YOUR TASK:
What you return should match every record exactly, with the images removed.

DATA LISTING:
•••

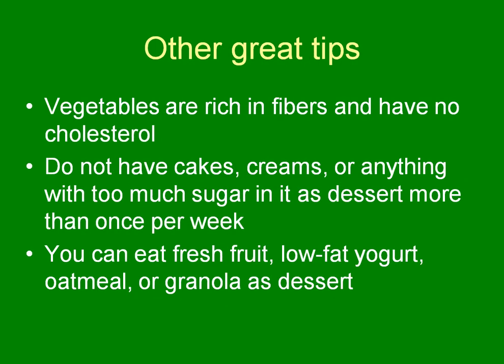Vegetables are rich in fiber and have no cholesterol. Any food that is an animal product — such as milk, eggs, or meat — is going to have cholesterol in it. If it's plants or soy, for example, it's not going to have any cholesterol.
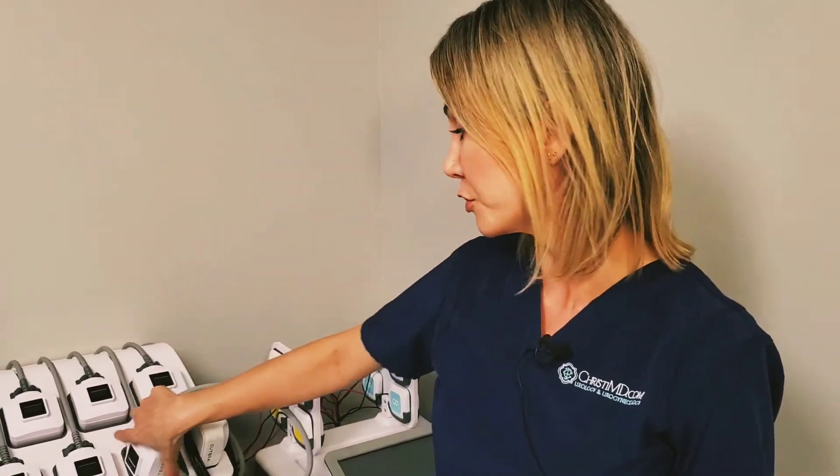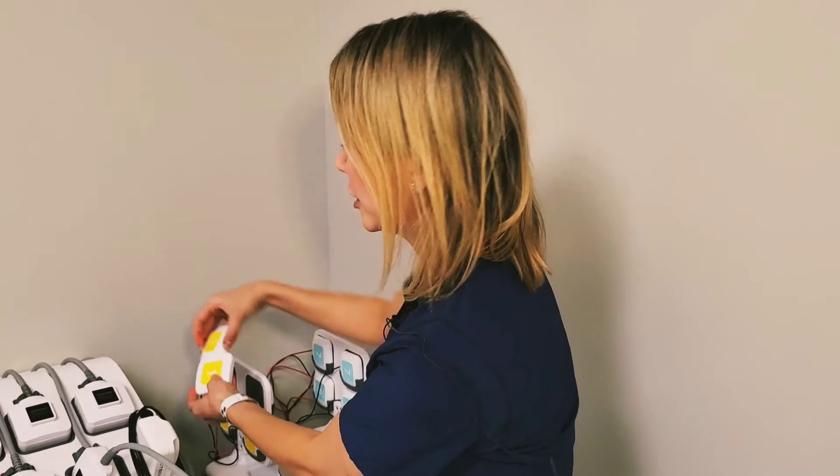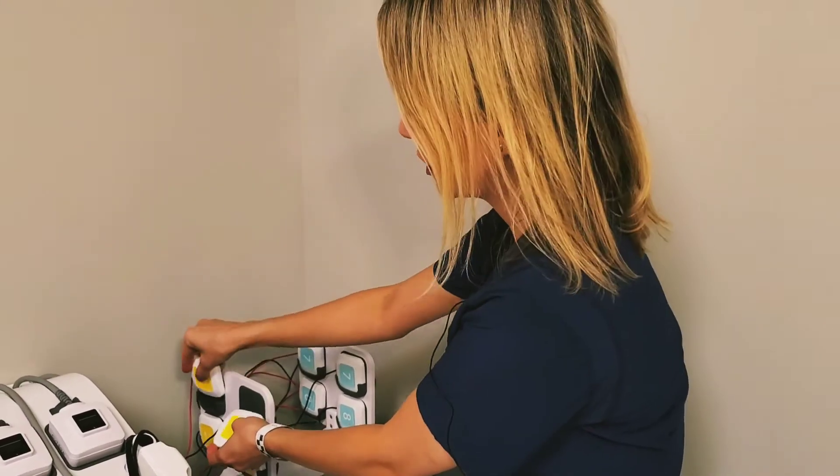The other device we have couples very well with the ID. It's called TruSculpt Flex, and we use these little electrodes — very tiny — to stimulate your muscle contractions. We place them on your abdomen, your glutes, your hamstrings, wherever you want to treat, and basically we're working you out right here in the office.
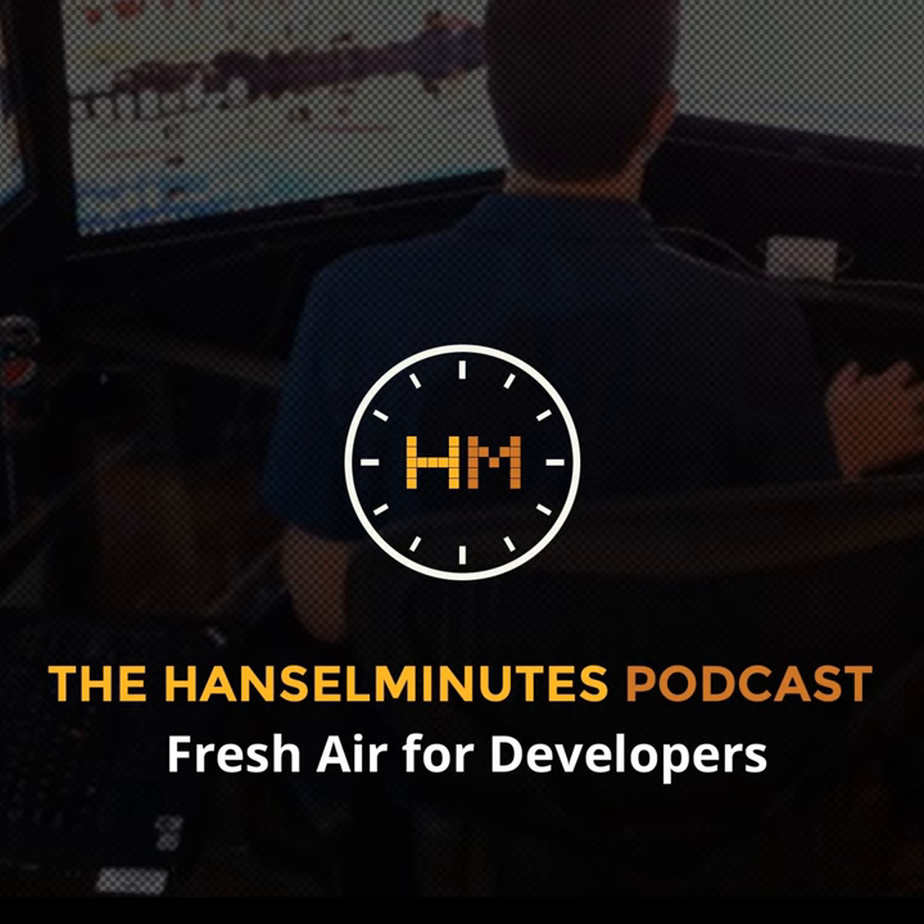Speakers will include Eric Meyer, Michael Feathers, and Greg Young. Check out Code on the Sea at CodeOnTheSea.com, and you can save $150 with coupon code Hanselman. Again, that website is CodeOnTheSea.com. Check it out.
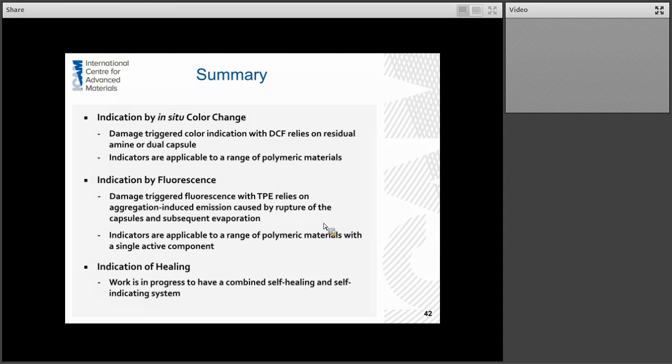To summarize: the first part of the talk discussed ideas about imparting biologically inspired functions to polymers, the different approaches, and focused in on the microcapsule-based approaches, giving an example of some healing work. The second part described newer results on damage indication using an in-situ color change with a DCF-based color indicator and indication by fluorescence, which works on aggregation-induced emission of TPE. As you might suspect, we are working on combining our healing and damage indication systems so that we can indicate damage with one color and then a second color might tell you it has healed.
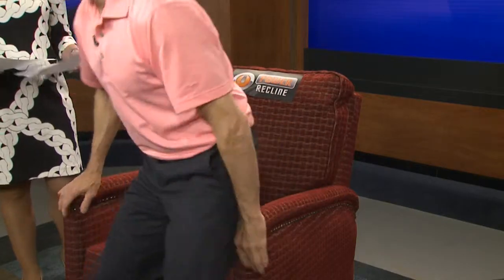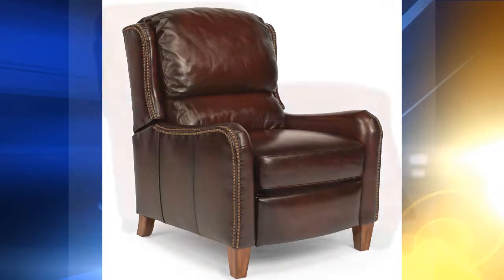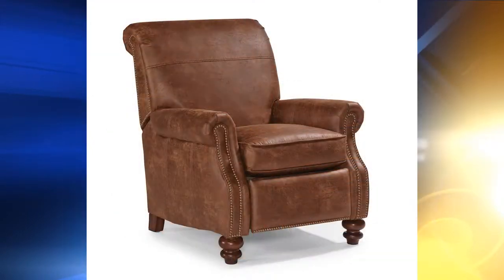This is a high-leg recliner, so what are the advantages there? Well, a high-leg recliner sits up off of the floor, so it has a more clean look rather than a squat piece of furniture sitting on the floor. It also permits you to clean underneath it, and we definitely need that.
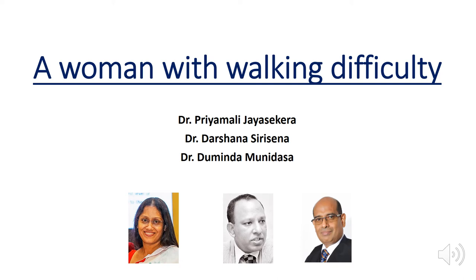Good morning everyone. We have come to the second case of our round table discussion: a woman with walking difficulties. Myself, Seymali Jaya, a physician, Dr. Dalshara Sirisena, neurologist, and Dr. Dominder Munidasa, rheumatologist, will be discussing this case.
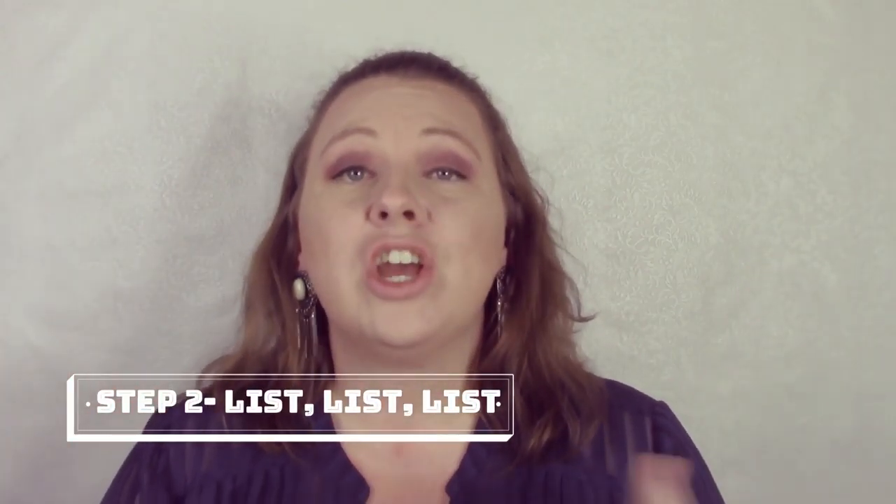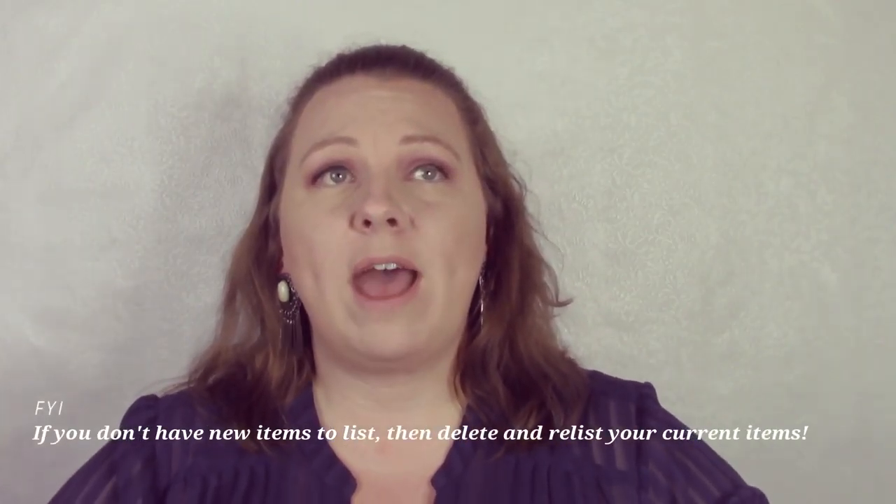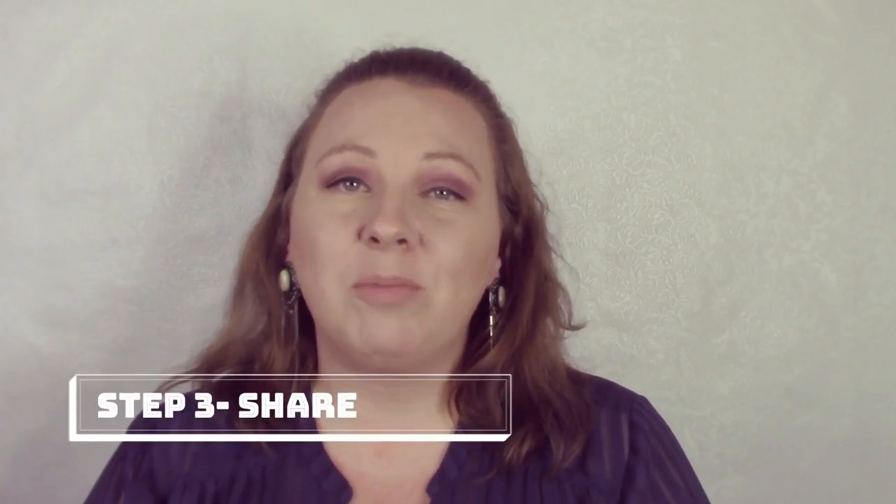That is step one — your listing. Step two is: list, list, list. You want to get as close to a hundred items as you can and list as often as possible. I'd say at least one item a day — I typically list three to five items a day, sometimes more. Constantly adding new items means you'll be featured in the feed, more people will see your closet, and the more you list, the more you will sell.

•••

TASK SOLUTION:
Vegetables are rich in fiber and have no cholesterol. Any food that is an animal product — such as milk, eggs, or meat — is going to have cholesterol in it. If it's plants or soy, for example, it's not going to have any cholesterol.
The other device we have couples very well with the ID. It's called TruSculpt Flex, and we use these little electrodes — very tiny — to stimulate your muscle contractions. We place them on your abdomen, your glutes, your hamstrings, wherever you want to treat, and basically we're working you out right here in the office.
Speakers will include Eric Meyer, Michael Feathers, and Greg Young. Check out Code on the Sea at CodeOnTheSea.com, and you can save $150 with coupon code Hanselman. Again, that website is CodeOnTheSea.com. Check it out.
To summarize: the first part of the talk discussed ideas about imparting biologically inspired functions to polymers, the different approaches, and focused in on the microcapsule-based approaches, giving an example of some healing work. The second part described newer results on damage indication using an in-situ color change with a DCF-based color indicator and indication by fluorescence, which works on aggregation-induced emission of TPE. As you might suspect, we are working on combining our healing and damage indication systems so that we can indicate damage with one color and then a second color might tell you it has healed.
This is a high-leg recliner, so what are the advantages there? Well, a high-leg recliner sits up off of the floor, so it has a more clean look rather than a squat piece of furniture sitting on the floor. It also permits you to clean underneath it, and we definitely need that.
Good morning everyone. We have come to the second case of our round table discussion: a woman with walking difficulties. Myself, Seymali Jaya, a physician, Dr. Dalshara Sirisena, neurologist, and Dr. Dominder Munidasa, rheumatologist, will be discussing this case.
That is step one — your listing. Step two is: list, list, list. You want to get as close to a hundred items as you can and list as often as possible. I'd say at least one item a day — I typically list three to five items a day, sometimes more. Constantly adding new items means you'll be featured in the feed, more people will see your closet, and the more you list, the more you will sell.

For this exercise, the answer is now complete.